Data block:

== Segment start ==

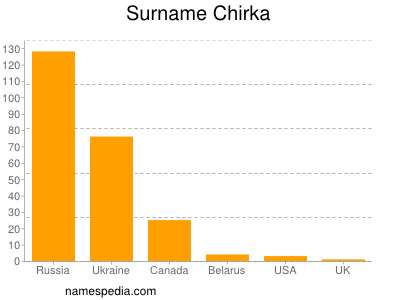 Familiennamen Chirka
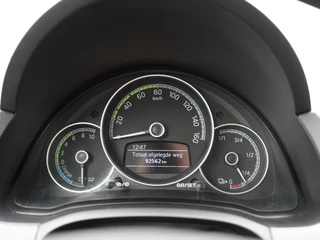 Škoda Citigo
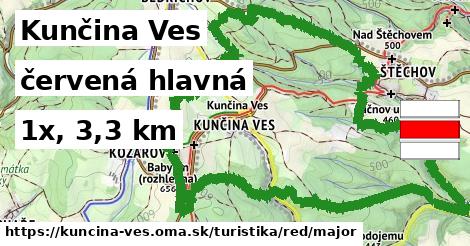 Kunčina Ves Turistické trasy červená hlavná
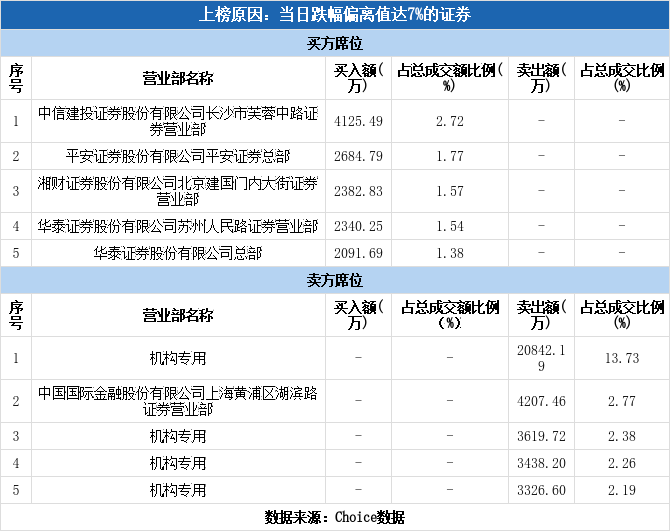 多主力现身龙虎榜，黄河旋风下跌9.90%（10-22）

== Segment end ==

Exercise brief: Nothing but the lines from the one containing "Škoda Citigo" through the end of the listing is to be output, and those lines are to be output exactly, pictures excluded.

Written reply:
 Škoda Citigo
 Kunčina Ves Turistické trasy červená hlavná
 多主力现身龙虎榜，黄河旋风下跌9.90%（10-22）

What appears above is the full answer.